Yes. So first of all, if we look at our total R&D expenses, they are not going down. They're actually increasing. And our R&D spending -- total R&D spending in the first half year was EUR 3.9 million versus EUR 3.3 million in the previous year's. Shown on the P&L is only EUR 1.5 million or EUR 1.57 million versus EUR 1.6 million in the previous year's. And one of the reasons is that we are capitalizing R&D expenses, so the portion of R&D expenses that is not shown on the P&L is capitalized, in line with IFRS. And then in addition, we have certain JDAs, joint development agreements where we also do R&D. And our R&D cost is then, in this case, showed in the cost of goods sold, the COGS. So R&D -- total R&D spending is not going down. It has increased a bit, 18.3%, a bit more, yes. But what's shown in the P&L looks lower than what we are actually spending.

Peter Podesser

executive
#10

And in terms of impairment related question, for the time being, we do not see any need for impairment, not for our Oil & Gas operation or others.

Operator

operator
#11

We will go ahead with another question from the telephone. [Operator Instructions] It seems to be, at the moment, no further questions from the call. So I would like to thank you all for participating in the call. And of course, I want to hand over again for some final remarks to the Executive Board.

Peter Podesser

executive
#12

Well, yes, thanks, everybody. As always, with innovation, there are also challenges to innovation. I think we have here also a challenge on the technical level. So therefore, as usual, the -- we offer the bilateral communication here. So Daniel and myself are available for questions whenever you have a need for it. Everybody who could not get through here through the new system in place, don't hesitate to send us message. And I'm seeing some of the messages already coming in on my mobile phone here. So we will definitely address all your questions whenever you have some and get back to you.
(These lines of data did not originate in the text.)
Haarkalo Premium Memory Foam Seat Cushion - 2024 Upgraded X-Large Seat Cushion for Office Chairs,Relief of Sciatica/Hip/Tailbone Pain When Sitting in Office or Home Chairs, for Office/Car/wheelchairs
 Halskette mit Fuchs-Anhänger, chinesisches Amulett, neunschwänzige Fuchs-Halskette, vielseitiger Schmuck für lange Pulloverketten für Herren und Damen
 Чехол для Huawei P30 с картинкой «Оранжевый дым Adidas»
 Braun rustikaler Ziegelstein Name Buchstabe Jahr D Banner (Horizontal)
Asking for your understanding that apparently, we all need to get used again to this new mobile world of working. But continuous improvement, always appreciated. With this, I thank you all for your time. I thank you all for your interest and your trust in us. I think we are aware of the challenges of the situation, but I also think we are on a good path, and we'll head on with, I'd say, full conscious of -- consciousness of risks and opportunities. Thank you very much and looking forward to bilateral discussions afterwards. Thank you.